Based on the graph, it can be seen that most expert respondents said they did not use special hardware to write programs, this indicates that expert respondents are not too worried about the hardware used. But NVIDIA GPUs are the best choice given by expert respondents when there is a question of what hardware is often used by expert respondents.

# **Experts Favorite Media Sources that Report on Data Science Topics**

In [None]:
column5 = ['Q42_Part_1', 'Q42_Part_2', 'Q42_Part_3', 'Q42_Part_4',
       'Q42_Part_5', 'Q42_Part_6', 'Q42_Part_7', 'Q42_Part_8',
       'Q42_Part_9', 'Q42_Part_10', 'Q42_Part_11', 'Q42_OTHER']
a5 = []
for i in column5:
    a5.append(df_experts[i].value_counts().keys()[0])
b5 = []
for i in column5:
    b5.append(df_experts[i].value_counts().iloc[0])

In [None]:
fig = plt.figure(figsize=(10, 6))
x=a5
y=b5

sns.set(style="dark", color_codes=True)
pal = sns.color_palette("YlOrRd", len(a5))
ax = sns.barplot(x=x,y=y,palette=pal)
for p in ax.patches:
        ax.annotate('{:.0f}'.format(p.get_height()), (p.get_x()+0.3, p.get_height()),
                    ha='center', va='bottom',
                    color= 'black')
        
ax.set_xlabel('Media Sources', weight='semibold', fontname = 'monospace')
ax.set_ylabel('Number of Respondents', weight='semibold', fontname = 'monospace')
plt.suptitle ('Favorite Media Source',weight = 'bold')
plt.xticks(rotation=90,weight = 'bold')
plt.show()

There are various sources used by expert respondents in finding information, but most expert respondents choose Kaggle, Youtube, and Blogs as sources of information.
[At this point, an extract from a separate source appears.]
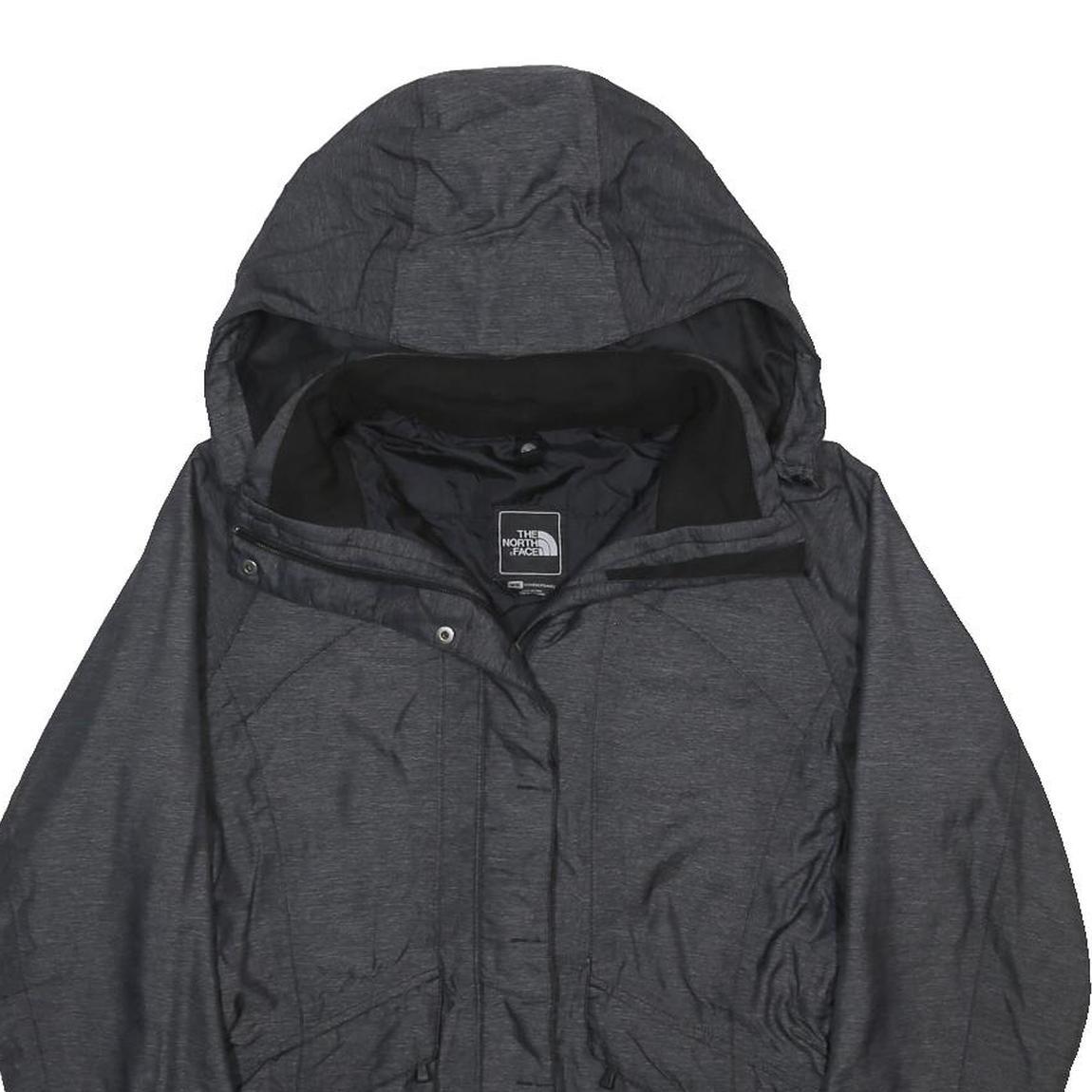 THE NORTH FACE Womens Grey Zip Jacket M Polyester Blend Outdoor Hooded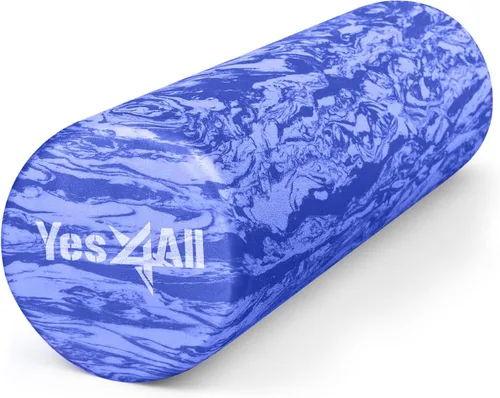 Miniatura 11 de Yes4All Rodillo de espuma EVA firme para la espalda - Rodillo redondo para la espalda para ejercicio, yoga y pilates 12/18/24/36 pulgadas A. Azul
Kaggle is the largest platform for finding information, this may be because the survey conducted has respondents who are mostly Kaggle users. In addition, Kaggle offers convenience and advantages such as having various data sets, codes from various users, community data analysts and data scientists. who are ready to share knowledge, and competitions with various attractive prizes.

# **Conclusion**

Many people are interested to learn programming. There are many programming languages you can learn starting from Python, Java, C, and others. But, you might get confused about what programming language you should learn first and what expert use to write their programs. From the survey data that we have analyzed, it can be seen that the programming languages used often by experts are Python and SQL. In addition, experts also recommend Python as a language that beginners can learn for the first time, this further strengthens the reason why Python is a programming language that beginners must learn.

Experts also prefer Jupyter Notebook as the IDE to use, while collab notebook and kaggle notebook are chosen by professionals as hosted notebooks for daily use. In writing programs, the experts also choose a laptop as a computing platform that is often used. In looking for information, the experts choose youtube, kaggle, and blogs as their main sources of information.